The game introduced and expanded many enduring elements of the Zelda series. For example, a greater variety of non-player characters (NPCs) have more pivotal roles in Link's quests. The use of metered magic and spells has also carried over into other Zelda games. The Triforce of Courage is introduced in The Adventure of Link with an important role in later Zelda games, as it is strongly associated with Link. Dark Link is a version of Link's Shadow that appears in Ocarina of Time, a similar Link clone called Shadow Link appears in Four Swords Adventures, and yet another appears in Spirit Tracks, as well as in A Link Between Worlds.

The Adventure of Link is one of the first games to significantly combine role-playing video game and platforming elements. Over the next few years, a number of Japanese-made games appeared with a similar format; major games such as Cadash (1989) closely resemble The Adventure of Link, with side-scrolling platform stages supplemented by RPG-like statistical systems, weapons, armor, and magic spells.
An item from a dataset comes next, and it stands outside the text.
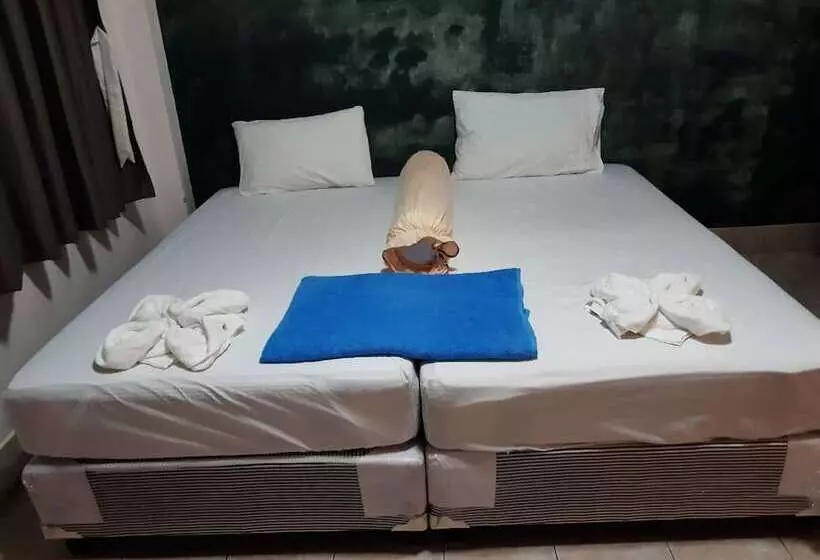 ホテル Tawee Garden And Resort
Five of the sages in Ocarina of Time bear the same names as towns from The Adventure of Link (Rauru, Ruto, Saria, Nabooru, and Darunia; excluding Impa). The town of Mido shares the name of a character in Kokiri Forest. In the in-game chronology, the towns were named after the characters. The Adventure of Link is the only Zelda game of the main English releases not to use "The Legend of Zelda" in its title; the only Zelda game to feature cumulative lives and therefore the only game in the series to include 1-up dolls. The subsequent A Link to the Past for the Super Famicom in 1991 follows new Link and Zelda characters and returns to the top-down style of the original.

There are a small number of side-scrolling areas in Link's Awakening, mainly tunnels and caves. The series left the top-down style again in 1998 with Ocarina of Time for Nintendo 64, with 3D graphics. A new version of the composition "Temple", arranged by Shogo Sakai, is featured in Super Smash Bros. Melee, where it is played during the "Hyrule Temple" stage and the "Underground Maze" level. A variation of the track, as well as a new version of the "Great Palace" level song, also appears in Super Smash Bros. Brawl. The track was later once again updated and appeared twice, as the "StreetPass Battle Theme" as well as a slower version for the "Battle Victory" music, in the Nintendo 3DS game A Link Between Worlds. The StreetPass battle mode is itself inspired by the final boss fight of Zelda II; StreetPass fights occur between one player as Link and the other player as Shadow/Dark Link. The Famicom Disk System version of the composition "Battle Theme" was reused as the "Miniboss Theme" in The Minish Cap.

Zelda II was highly influential to other NES games like Faxanadu, Moon Crystal, and The Battle of Olympus. Some recent games that take more direct inspiration from Zelda II include Adventure Time: Hey Ice King! Why'd You Steal Our Garbage?!! (which is intended to play like, and pay homage to, Zelda II), Elliot Quest, and Phoenotopia: Awakening; all of these games feature side-scrolling combat areas connected by a larger top-down overworld map and comprise a small genre of Zelda II-like games.